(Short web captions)
════════════════

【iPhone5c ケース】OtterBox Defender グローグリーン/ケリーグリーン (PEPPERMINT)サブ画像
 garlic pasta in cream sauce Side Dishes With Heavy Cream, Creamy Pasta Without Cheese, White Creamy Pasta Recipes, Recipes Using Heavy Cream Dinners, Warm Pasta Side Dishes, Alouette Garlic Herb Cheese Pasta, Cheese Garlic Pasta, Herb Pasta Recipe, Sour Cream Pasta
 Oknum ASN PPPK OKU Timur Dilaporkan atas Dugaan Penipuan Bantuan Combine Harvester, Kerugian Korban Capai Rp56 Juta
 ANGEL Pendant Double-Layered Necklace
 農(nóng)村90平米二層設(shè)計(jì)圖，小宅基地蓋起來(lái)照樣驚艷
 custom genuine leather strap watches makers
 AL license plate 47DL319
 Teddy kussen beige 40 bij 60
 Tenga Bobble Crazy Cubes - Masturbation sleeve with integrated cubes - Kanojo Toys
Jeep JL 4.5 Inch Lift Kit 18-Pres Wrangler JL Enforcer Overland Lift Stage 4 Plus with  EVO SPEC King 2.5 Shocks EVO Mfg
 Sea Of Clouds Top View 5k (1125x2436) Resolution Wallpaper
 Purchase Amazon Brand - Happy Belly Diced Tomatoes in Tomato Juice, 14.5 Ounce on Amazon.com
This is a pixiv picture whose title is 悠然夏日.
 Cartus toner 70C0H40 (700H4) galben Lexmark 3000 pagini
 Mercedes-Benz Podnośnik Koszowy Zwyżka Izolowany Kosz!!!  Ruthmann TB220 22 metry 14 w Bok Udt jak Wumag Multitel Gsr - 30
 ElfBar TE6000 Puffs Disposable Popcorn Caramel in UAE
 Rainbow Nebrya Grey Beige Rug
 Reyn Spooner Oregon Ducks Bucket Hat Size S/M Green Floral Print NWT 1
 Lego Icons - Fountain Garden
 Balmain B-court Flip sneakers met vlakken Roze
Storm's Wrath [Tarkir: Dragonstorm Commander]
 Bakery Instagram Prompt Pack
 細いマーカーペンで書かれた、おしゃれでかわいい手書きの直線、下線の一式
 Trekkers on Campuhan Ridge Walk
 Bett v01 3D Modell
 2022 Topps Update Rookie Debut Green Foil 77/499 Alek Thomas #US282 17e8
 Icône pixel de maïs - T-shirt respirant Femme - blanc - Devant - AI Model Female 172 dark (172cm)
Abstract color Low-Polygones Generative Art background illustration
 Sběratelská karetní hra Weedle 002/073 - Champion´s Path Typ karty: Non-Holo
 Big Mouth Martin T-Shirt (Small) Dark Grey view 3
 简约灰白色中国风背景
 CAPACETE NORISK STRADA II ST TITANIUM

════════════════

What you need to do » Take every line above that includes "Grey" and list it.

Solved problem »
 Rainbow Nebrya Grey Beige Rug
 Big Mouth Martin T-Shirt (Small) Dark Grey view 3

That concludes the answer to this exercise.